__Required action__:
An exact transcription of all the data is required, with every image removed.

__Supplied information__:
────

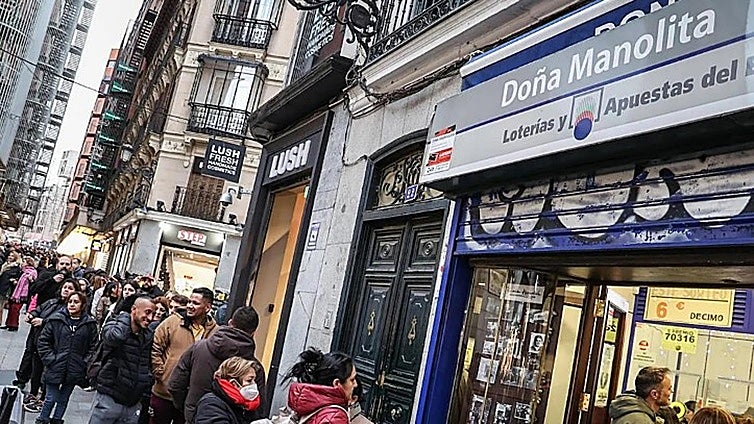 Por qué siempre tocan los premios en Doña Manolita: el secreto de esta administración de Madrid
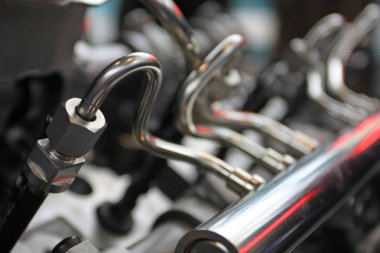 Metalik motor detaylarının yakın görüntüsü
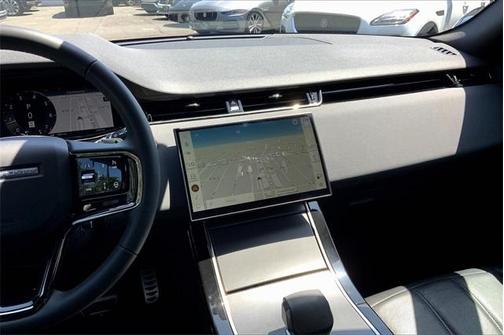 2024 Land Rover Range Rover Evoque Dynamic SE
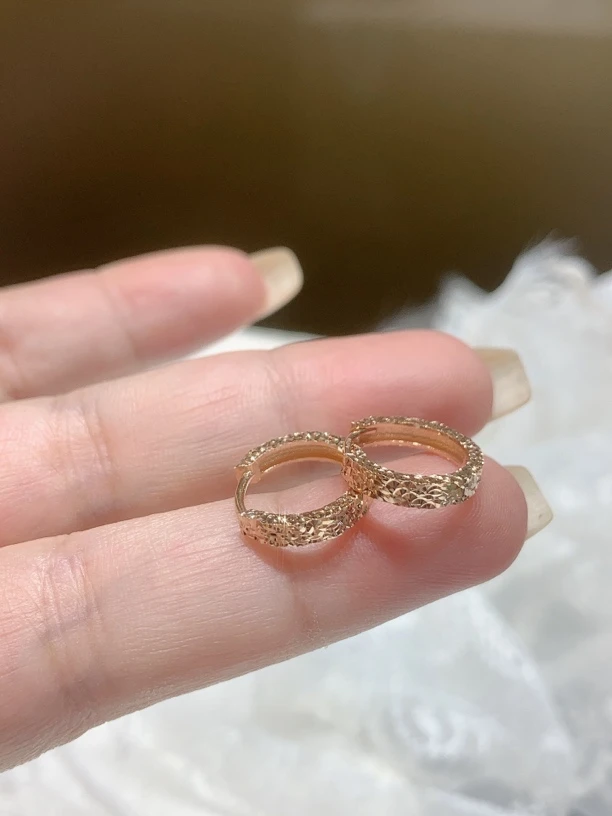 18 K玫瑰金碎碎冰耳圈13mm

────

__Response to the exercise__:
 Por qué siempre tocan los premios en Doña Manolita: el secreto de esta administración de Madrid
 Metalik motor detaylarının yakın görüntüsü
 2024 Land Rover Range Rover Evoque Dynamic SE
 18 K玫瑰金碎碎冰耳圈13mm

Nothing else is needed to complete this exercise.